Measurement is both a compass and a trap. It tells us where we are, where we are heading, and how far we’ve gone. Yet the same act of measuring can twist incentives, distort reality, and lead us astray. Two intellectual giants captured this paradox: Peter Drucker with his famous dictum, “If you can’t measure it, you can’t improve it”, and economist Charles Goodhart with his cautionary law, “When a measure becomes a target, it ceases to be a good measure.”
At first glance, Drucker and Goodhart seem to stand on opposite ends of a spectrum, one urging us to measure everything for progress, the other warning that measurement itself may betray us. But if we follow their ideas carefully, a more nuanced truth emerges: they are not adversaries, but complementary forces, like an engine and brakes, that, together, allow us to move safely and effectively through the landscape of improvement.
This article explores both insights in depth: what they mean, their misinterpretations, their interplay, and how they form a complete philosophy of measurement.
Peter Drucker’s dictum is deceptively simple: improvement requires feedback. Without some form of measurement, whether numerical or qualitative, you cannot know if your efforts are working. Measurement defines what “better” looks like, creating a standard against which to compare progress, human mind has evolved to work in a comparative manner. It establishes feedback loops that allow us to detect whether actions are pushing us forward or dragging us backward. Most importantly, it grounds decisions in evidence rather than hunches. In management, education, or personal growth, metrics are the engine of improvement: they accelerate learning and drive purposeful action. Without them, we are simply guessing.
Despite its clarity, Drucker’s idea is often misapplied. Many interpret it as suggesting that only numbers matter, reducing the rich texture of human experience to cold spreadsheets or ticked To-Do list. Yet Drucker never excluded qualitative insights; he meant measurement in the broad sense, including observations and subjective evaluations. Others believe his dictum means that unmeasurable things cannot improve, but history proves otherwise: art, ethics, and relationships evolve without strict metrics, though measurement can still sharpen these processes. Another common trap is assuming we should measure everything, but over-measurement creates noise and false precision. Finally, some confuse measurement with control, believing that tracking numbers automatically solves problems. In truth, metrics merely signal; they do not repair.
Drucker’s principle, then, is about necessity rather than sufficiency. Measurement is the starting point of improvement, not its guarantee.
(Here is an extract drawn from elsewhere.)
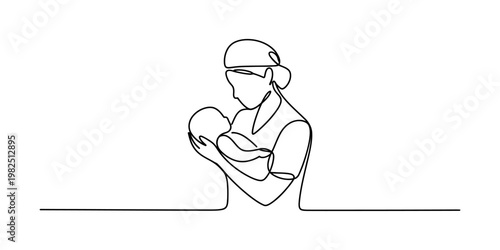 A single continuous line drawing of a nurse holding a newborn baby in a gentle and caring manner Vector, illustration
Goodhart’s Law warns us that once a metric becomes a target, it loses its value as an indicator. Metrics are useful only when they serve as neutral reflections of reality. The moment they are tied to incentives or rewards, people inevitably learn to optimize the number itself, often at the expense of the underlying goal. A test score stops measuring learning when students are taught to memorize answers or game exams. A hospital’s average discharge time stops measuring patient wellbeing when staff rush people out prematurely. A company’s quarterly revenue stops reflecting long-term health when executives manipulate short-term sales figures. The mechanisms of failure are diverse. Metrics are gamed when people find loopholes that inflate the number without improving the system. They create perverse incentives when optimizing the metric actively harms the larger goal, such as schools lowering standards to boost pass rates. And they cause overfitting when organizations become so fixated on one number that they lose sight of the bigger picture. In each case, the measure has ceased to measure what it was meant to.
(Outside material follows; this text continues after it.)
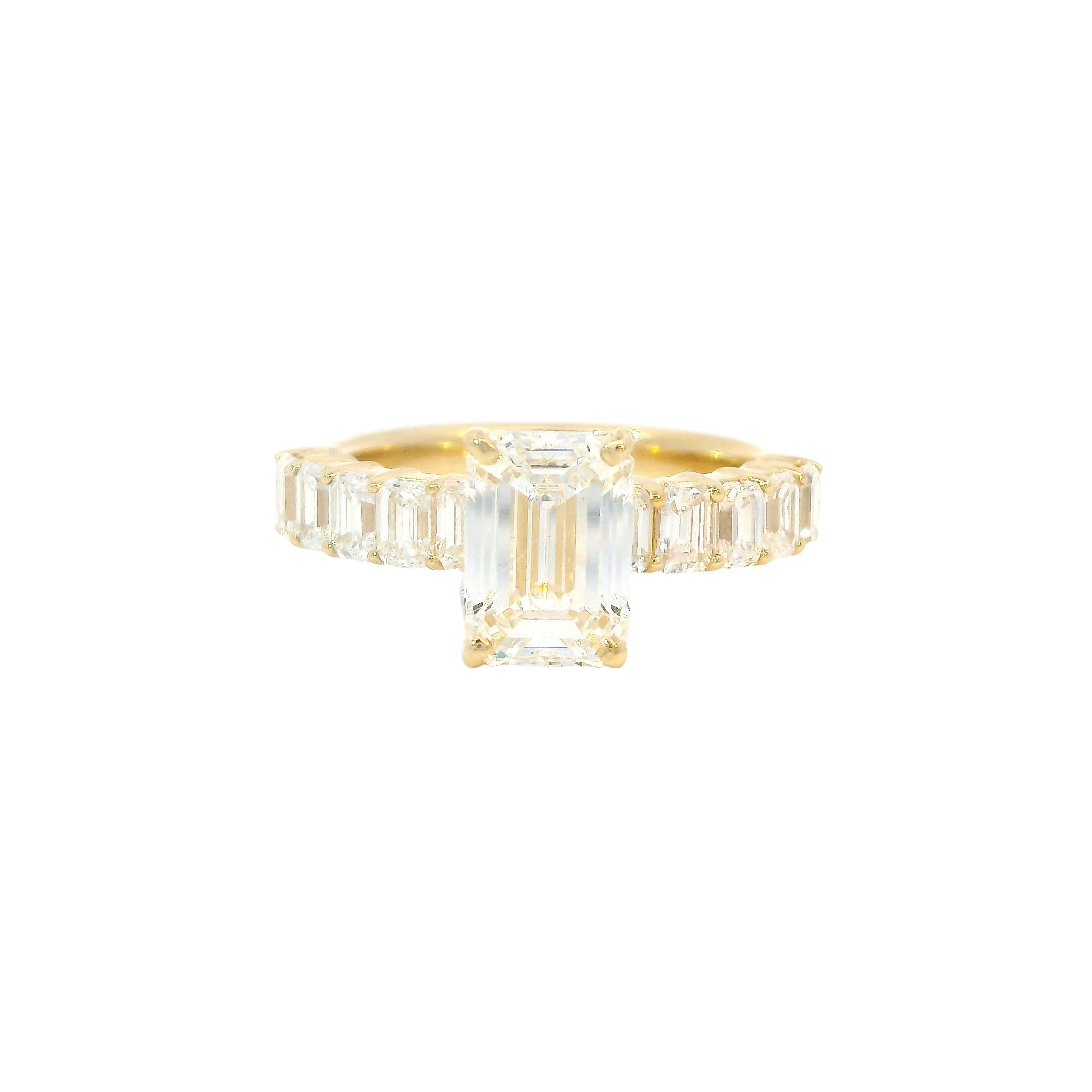 14K Yellow Gold 2CT. Emerald-Cut Lab-Grown Diamond Accented Engagement Ring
Goodhart’s insight, too, is often misunderstood. Some interpret it as saying that measurement itself is bad, but this is inaccurate: the law presupposes that measurement is already in use. Others assume it implies that all metrics will eventually fail, which is not true. Metrics fail when they are rigidified into sole targets without adaptation. Finally, some argue that we should abandon metrics altogether, but this is impossible. Systems need feedback to function. Goodhart is not anti-measurement; it is anti-naïve measurement.
No measurement can be entirely immune to Goodhart’s Law, because the problem arises not from the metric itself but from the act of turning it into a target. When optimization pressure is applied, even the best proxy eventually loses correlation with the underlying goal. However, measurements can be made more resistant to Goodharting. One approach is to use ensembles of independent metrics, making it harder to exploit all at once. Another is to design dynamic or adversarial shifting metrics that adapt against gaming. Process-based metrics, which evaluate how results are achieved rather than only outcomes, also reduce vulnerability. Human oversight and domain-specific constraints (like physical limits on energy or time) can act as anchors. The goal, then, is not to design a “Goodhart-proof” metric, which is impossible, but to create ones that fail gracefully, resist exploitation, and reveal gaming quickly enough to enable correction.
Despite their apparent opposition, Drucker and Goodhart have much in common. Both revolve around the link between measurement and improvement, acknowledging that without metrics, systems cannot progress effectively. Both recognize that metrics shape behavior, sometimes for the better, sometimes for the worse. Both demand careful selection of measures that align with true goals. And both are, in their own way, cautionary: Drucker warns against blindness, while Goodhart warns against distortion.